The Vice Chancellor of UWI, Sir Hilary Beckles, in his feature address at the annual Dr Eric Williams' Memorial Lecture told us that within the next five years all of the UWI campuses will be outfitted with University operated industrial parks.
So much so that he said that UWI's 2017-2022 strategic plan includes the transformation of the Penal-Debe campus in South Trinidad into a technology park, where Chinese professors would teach software engineering to our students. Further, that in Barbados UWI has already leased a large building and will transform it into a Technology Park; the same will be done in Jamaica by that government using a number of abandoned buildings.
The aim of these research/innovation parks is to drive the issues of economic diversification in order to generate more wealth in the region. One wonders why we need Chinese professors to teach us software engineering when we have a UWI that is accredited in engineering, computer science and information technology.
Further, a decision has been taken to build the Tamana Technology Park in which UTT is/was to be the research institution.

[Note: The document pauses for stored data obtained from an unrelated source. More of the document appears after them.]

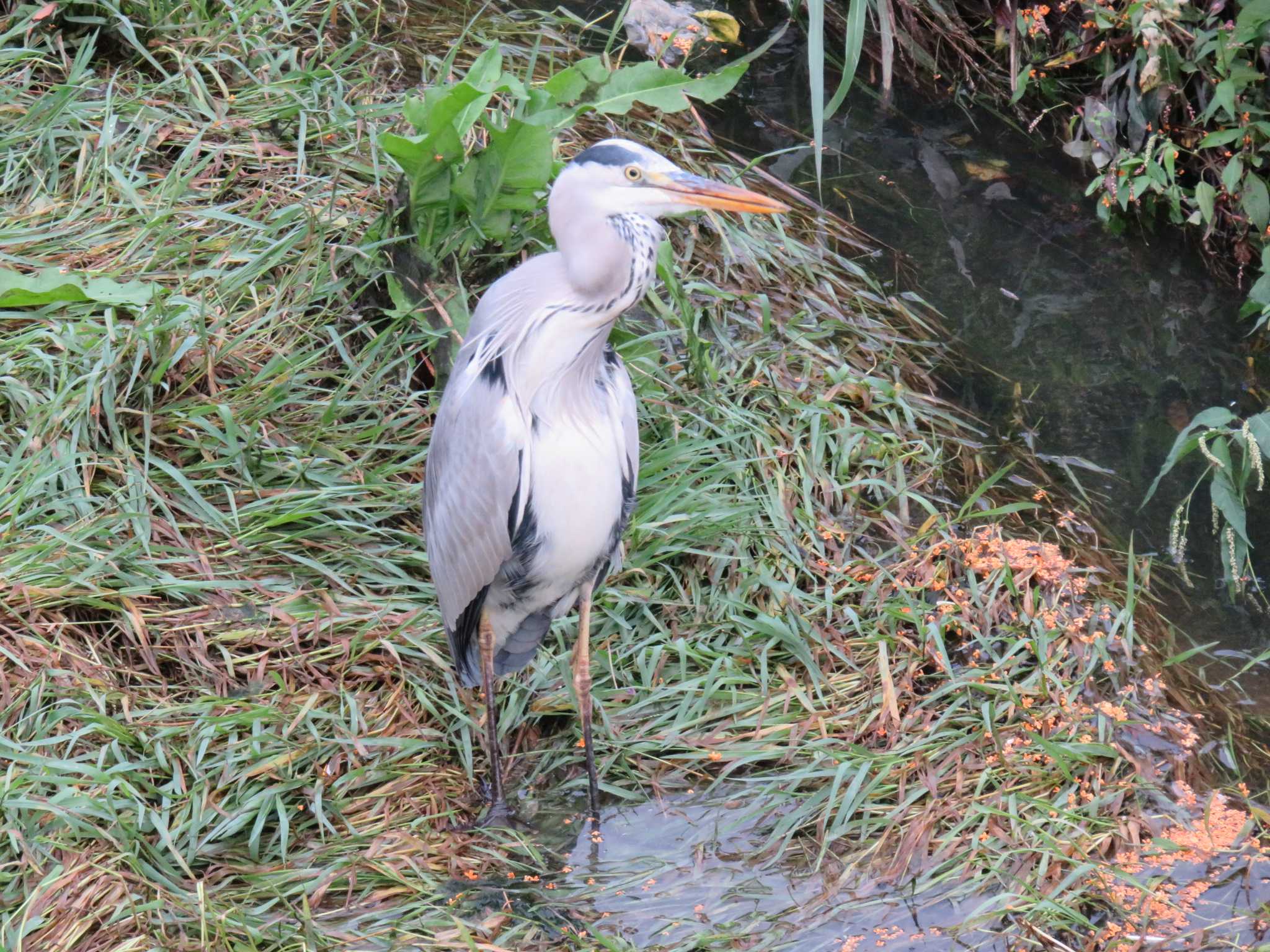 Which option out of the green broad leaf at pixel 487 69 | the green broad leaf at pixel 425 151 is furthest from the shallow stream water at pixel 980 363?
the green broad leaf at pixel 425 151

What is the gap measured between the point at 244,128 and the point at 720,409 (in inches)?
76.2

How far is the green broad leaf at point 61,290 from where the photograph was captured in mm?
3916

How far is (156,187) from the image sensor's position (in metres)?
4.43

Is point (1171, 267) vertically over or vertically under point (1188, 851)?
over

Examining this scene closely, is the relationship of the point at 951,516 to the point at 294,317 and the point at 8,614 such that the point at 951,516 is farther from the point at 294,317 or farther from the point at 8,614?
the point at 8,614

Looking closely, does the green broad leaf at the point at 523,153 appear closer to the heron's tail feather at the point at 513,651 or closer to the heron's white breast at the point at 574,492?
the heron's white breast at the point at 574,492

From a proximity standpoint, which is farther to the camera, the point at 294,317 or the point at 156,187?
the point at 156,187

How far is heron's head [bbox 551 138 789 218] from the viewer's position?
9.12ft

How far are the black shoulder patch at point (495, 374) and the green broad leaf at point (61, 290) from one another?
4.29ft

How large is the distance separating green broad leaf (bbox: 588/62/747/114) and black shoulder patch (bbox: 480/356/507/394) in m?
1.21

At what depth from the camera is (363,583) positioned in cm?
370

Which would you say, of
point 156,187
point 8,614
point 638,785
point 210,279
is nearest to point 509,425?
point 638,785

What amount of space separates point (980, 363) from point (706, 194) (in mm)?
2226

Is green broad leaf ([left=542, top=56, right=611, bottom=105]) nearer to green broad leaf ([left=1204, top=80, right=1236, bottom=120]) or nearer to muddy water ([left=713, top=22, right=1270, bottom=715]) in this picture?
muddy water ([left=713, top=22, right=1270, bottom=715])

This at best remains a forlorn hope that the requisite industry would locate there, at Tamana, to exploit the inventions of that university, UTT, and use its research facilities. I dare say that the Vice Chancellor is deluding himself if he is thinking that he can repeat, for example, the phenomenon of California's Silicon Valley by simply attaching some real estate to a university whose research culture is the traditional "publish or perish"- research that is normally not directly related to what the region may need to diversify its economies away from the plantation.
But the Vice Chancellor would not be the only one to make this mistake. Prof Terman who created Silicon Valley was employed to repeat this effort in New Jersey, USA; he failed miserably. Even the renowned Prof Michael Porter was also commissioned to create such parks for other locations; he recommended to governments all over the world that, were they to encourage concentrations of interconnected companies and specialised suppliers around an existing research university this could jump start the creation of industrial parks; these efforts also failed.
According to Ana Lee Saxenia of the University of California Berkeley, Silicon Valley did not simply concentrate on the collaboration of institutions, but on producing and encouraging very smart people who formed what she called a giant real world social/technological network in which they collaborated, experimented, invented and taught each other.
They changed jobs and with the venture capital available formed companies freely while still supporting a knowledge based professional network with easy information exchange. Therefore, the challenge for UWI in order to build such parks to help diversify the economies of the region is to create such a professional network of smart and passionate people while the institutions simply facilitate and provide the space and other resources for the social/technological networking.
Still, for economic diversification such social/technological networks of our smart people have to be built, but how? The first step for the region is to mount national debates to get buy-in from the various publics on what needs to be done, what resources are required to create the higher risk companies to produce these tradables- a legitimation exercise.
We next have to decide how we create the networks of inventive/innovative and business savvy graduates- what should our innovation systems look like so that we can harness the passion of our bright people to start and grow these start-ups? Then we have to decide on what areas to focus our attention given our relatively small sizes and restricted numbers of skilled people–a foresighting exercise. But, more so, we need visionary leadership and skilled/ experienced advisors.
The intentions of the Vice Chancellor are indeed laudable but he appears to lack the support of such advisors. Diversification is not a task for UWI in isolation; the university is but one player in a Triple Helix together with the governments of the region (financiers of last resort) and the private sector, in particular the new innovative entrepreneurs.